Repeat only what runs from the line with "Una sala de" through the last line of the data below, both included, keeping every word as it is and leaving out the pictures.

SUPPLIED MATERIAL
..............................

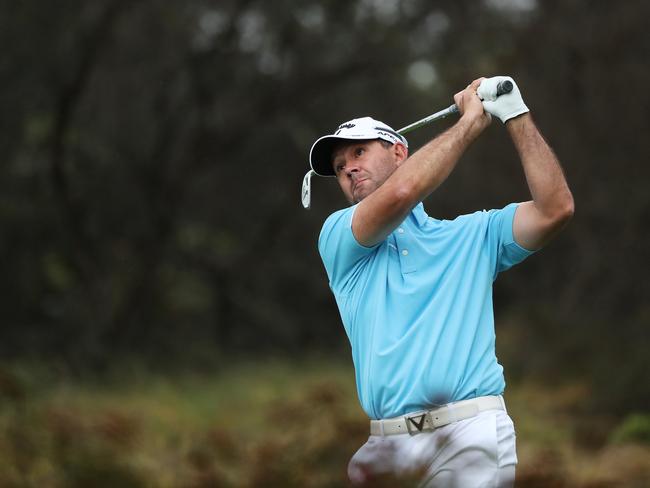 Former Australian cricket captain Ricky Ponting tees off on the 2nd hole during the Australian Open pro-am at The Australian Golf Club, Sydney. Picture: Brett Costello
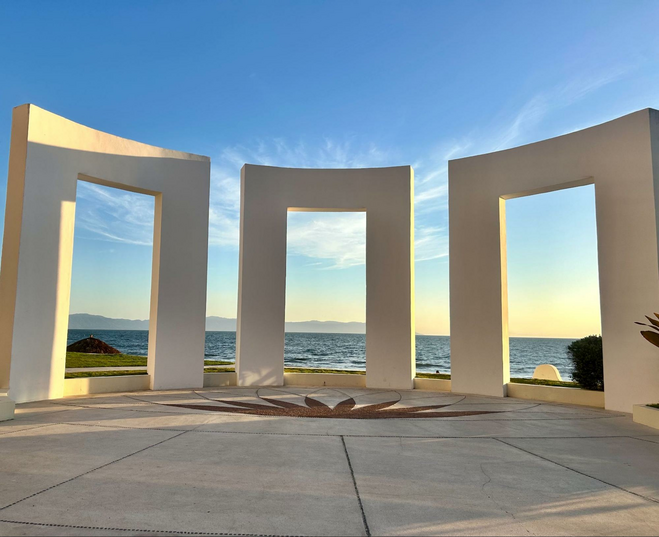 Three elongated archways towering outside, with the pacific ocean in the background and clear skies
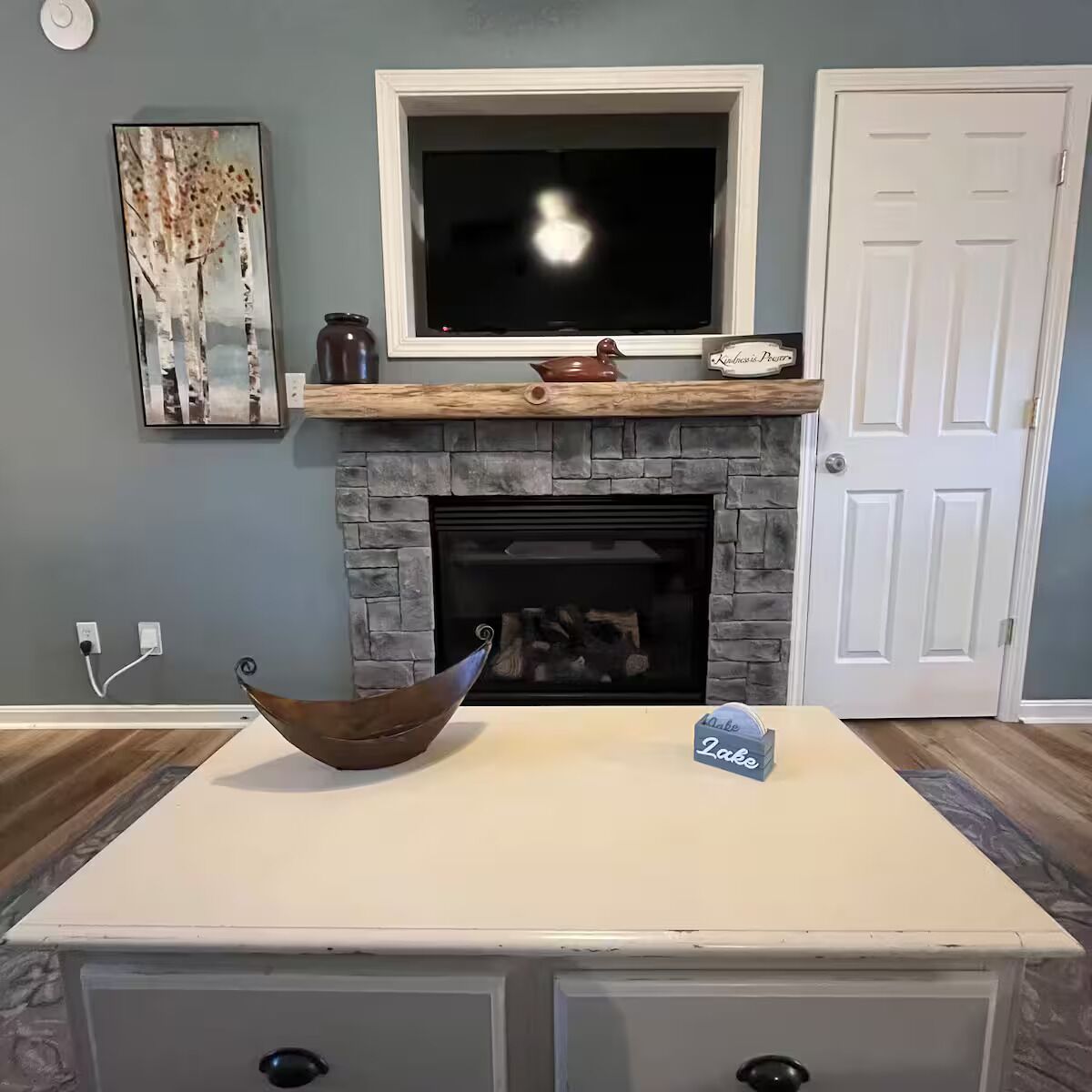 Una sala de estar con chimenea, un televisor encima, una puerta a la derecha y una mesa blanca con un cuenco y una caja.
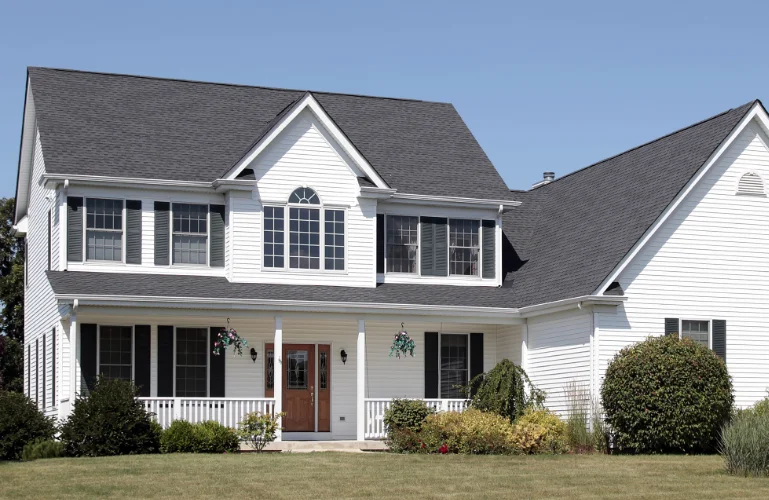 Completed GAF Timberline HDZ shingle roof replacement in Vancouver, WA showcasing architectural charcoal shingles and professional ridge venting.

..............................

TASK RESPONSE
 Una sala de estar con chimenea, un televisor encima, una puerta a la derecha y una mesa blanca con un cuenco y una caja.
 Completed GAF Timberline HDZ shingle roof replacement in Vancouver, WA showcasing architectural charcoal shingles and professional ridge venting.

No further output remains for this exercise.